● **Required action**
Transcribe the records below exactly as written, from the opening line through the line that contains "A storage space".

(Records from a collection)
>>

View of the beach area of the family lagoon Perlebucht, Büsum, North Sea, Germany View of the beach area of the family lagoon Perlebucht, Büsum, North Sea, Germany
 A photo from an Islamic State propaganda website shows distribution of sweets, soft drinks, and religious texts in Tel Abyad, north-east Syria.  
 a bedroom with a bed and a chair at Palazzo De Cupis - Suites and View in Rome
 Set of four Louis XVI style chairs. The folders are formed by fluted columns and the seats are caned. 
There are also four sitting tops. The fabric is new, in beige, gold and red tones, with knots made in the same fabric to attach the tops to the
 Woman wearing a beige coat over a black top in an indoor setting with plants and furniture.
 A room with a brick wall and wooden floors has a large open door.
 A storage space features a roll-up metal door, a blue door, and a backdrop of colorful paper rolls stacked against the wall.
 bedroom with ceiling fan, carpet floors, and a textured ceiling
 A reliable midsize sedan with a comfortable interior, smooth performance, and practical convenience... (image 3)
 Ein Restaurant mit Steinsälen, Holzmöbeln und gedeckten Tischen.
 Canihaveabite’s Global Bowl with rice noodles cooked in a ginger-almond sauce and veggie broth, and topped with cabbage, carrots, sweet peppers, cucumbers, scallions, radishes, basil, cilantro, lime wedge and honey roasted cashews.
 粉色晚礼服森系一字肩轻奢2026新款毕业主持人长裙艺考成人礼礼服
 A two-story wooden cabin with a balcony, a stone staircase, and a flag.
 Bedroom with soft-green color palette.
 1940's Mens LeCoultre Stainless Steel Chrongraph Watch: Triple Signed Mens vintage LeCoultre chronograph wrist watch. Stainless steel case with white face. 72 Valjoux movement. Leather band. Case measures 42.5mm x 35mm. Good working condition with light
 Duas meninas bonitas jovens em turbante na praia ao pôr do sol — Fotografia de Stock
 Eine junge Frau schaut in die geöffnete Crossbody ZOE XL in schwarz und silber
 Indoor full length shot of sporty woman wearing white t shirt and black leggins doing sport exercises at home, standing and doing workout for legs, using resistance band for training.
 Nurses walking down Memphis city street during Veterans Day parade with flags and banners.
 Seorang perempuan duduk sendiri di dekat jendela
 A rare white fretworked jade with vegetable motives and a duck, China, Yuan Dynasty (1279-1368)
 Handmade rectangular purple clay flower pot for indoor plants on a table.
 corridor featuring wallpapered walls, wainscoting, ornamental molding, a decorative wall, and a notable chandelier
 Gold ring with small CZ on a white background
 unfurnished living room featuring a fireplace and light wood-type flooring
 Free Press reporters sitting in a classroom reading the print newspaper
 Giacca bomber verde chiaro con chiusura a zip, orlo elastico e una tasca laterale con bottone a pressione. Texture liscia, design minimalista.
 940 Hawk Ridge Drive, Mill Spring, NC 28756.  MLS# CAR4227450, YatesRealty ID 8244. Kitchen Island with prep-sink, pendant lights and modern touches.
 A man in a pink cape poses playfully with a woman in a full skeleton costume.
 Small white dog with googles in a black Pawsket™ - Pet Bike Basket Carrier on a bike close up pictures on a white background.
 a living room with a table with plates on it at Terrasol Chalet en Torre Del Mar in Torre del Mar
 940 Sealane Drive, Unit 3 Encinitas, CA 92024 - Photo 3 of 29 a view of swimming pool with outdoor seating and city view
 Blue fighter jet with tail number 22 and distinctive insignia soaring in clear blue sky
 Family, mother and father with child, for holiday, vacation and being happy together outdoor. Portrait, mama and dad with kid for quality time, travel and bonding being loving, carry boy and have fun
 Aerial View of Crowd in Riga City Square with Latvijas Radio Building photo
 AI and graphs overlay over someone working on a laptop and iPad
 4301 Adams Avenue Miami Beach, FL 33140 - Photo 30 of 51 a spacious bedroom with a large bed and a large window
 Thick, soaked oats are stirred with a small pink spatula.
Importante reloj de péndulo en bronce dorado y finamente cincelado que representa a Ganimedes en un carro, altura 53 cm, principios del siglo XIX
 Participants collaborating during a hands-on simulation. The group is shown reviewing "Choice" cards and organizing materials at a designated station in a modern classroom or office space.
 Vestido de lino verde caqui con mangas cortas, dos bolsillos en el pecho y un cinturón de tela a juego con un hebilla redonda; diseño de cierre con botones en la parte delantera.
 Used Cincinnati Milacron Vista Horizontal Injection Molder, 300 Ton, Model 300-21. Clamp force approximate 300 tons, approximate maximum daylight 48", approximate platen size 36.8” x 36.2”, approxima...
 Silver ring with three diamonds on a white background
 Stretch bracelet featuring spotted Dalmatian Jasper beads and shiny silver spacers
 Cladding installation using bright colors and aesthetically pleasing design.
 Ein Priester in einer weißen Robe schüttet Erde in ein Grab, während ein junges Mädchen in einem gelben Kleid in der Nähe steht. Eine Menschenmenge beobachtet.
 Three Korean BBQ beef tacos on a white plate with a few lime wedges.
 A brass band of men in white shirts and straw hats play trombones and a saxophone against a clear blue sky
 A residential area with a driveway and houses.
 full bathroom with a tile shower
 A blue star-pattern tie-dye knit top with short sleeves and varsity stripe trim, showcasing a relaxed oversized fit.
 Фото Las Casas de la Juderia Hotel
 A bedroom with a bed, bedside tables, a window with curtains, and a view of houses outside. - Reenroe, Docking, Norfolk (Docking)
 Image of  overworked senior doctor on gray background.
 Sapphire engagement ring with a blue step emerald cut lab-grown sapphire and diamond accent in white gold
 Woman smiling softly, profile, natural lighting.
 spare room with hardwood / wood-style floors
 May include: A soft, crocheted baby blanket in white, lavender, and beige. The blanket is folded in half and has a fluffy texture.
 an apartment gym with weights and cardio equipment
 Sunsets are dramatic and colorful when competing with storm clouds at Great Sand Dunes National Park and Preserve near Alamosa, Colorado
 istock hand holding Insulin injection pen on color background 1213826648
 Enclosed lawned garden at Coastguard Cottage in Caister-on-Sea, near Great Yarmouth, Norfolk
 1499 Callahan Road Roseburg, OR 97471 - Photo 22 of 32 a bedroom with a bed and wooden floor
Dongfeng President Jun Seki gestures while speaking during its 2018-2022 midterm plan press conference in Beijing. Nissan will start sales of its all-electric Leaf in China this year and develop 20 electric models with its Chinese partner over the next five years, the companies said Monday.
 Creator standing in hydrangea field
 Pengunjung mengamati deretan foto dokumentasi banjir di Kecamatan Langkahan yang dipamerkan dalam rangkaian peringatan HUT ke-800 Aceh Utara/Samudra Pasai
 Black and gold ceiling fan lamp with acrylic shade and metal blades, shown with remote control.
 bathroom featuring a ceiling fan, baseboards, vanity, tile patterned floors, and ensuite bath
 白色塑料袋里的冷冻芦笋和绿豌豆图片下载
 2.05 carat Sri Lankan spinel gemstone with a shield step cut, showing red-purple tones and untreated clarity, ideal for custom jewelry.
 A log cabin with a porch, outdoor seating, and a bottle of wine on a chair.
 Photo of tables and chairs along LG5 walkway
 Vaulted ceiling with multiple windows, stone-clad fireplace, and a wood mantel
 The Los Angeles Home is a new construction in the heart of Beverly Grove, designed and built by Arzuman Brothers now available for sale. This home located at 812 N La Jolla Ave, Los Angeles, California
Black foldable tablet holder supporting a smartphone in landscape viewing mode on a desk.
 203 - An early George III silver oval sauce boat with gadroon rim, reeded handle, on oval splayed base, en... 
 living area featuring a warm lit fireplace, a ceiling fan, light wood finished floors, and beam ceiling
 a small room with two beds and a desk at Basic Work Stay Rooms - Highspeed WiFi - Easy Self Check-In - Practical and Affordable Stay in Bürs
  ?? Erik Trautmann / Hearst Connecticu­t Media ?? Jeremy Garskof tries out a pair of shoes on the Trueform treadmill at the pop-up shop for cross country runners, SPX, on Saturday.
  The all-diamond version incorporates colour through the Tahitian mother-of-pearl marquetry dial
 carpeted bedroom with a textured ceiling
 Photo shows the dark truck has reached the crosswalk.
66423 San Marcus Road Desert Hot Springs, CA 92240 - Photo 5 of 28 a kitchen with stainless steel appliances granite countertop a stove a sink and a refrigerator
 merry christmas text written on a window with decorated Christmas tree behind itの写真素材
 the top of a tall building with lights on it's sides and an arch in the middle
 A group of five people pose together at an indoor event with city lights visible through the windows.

<<

● **Completed exercise**
View of the beach area of the family lagoon Perlebucht, Büsum, North Sea, Germany View of the beach area of the family lagoon Perlebucht, Büsum, North Sea, Germany
 A photo from an Islamic State propaganda website shows distribution of sweets, soft drinks, and religious texts in Tel Abyad, north-east Syria.  
 a bedroom with a bed and a chair at Palazzo De Cupis - Suites and View in Rome
 Set of four Louis XVI style chairs. The folders are formed by fluted columns and the seats are caned. 
There are also four sitting tops. The fabric is new, in beige, gold and red tones, with knots made in the same fabric to attach the tops to the
 Woman wearing a beige coat over a black top in an indoor setting with plants and furniture.
 A room with a brick wall and wooden floors has a large open door.
 A storage space features a roll-up metal door, a blue door, and a backdrop of colorful paper rolls stacked against the wall.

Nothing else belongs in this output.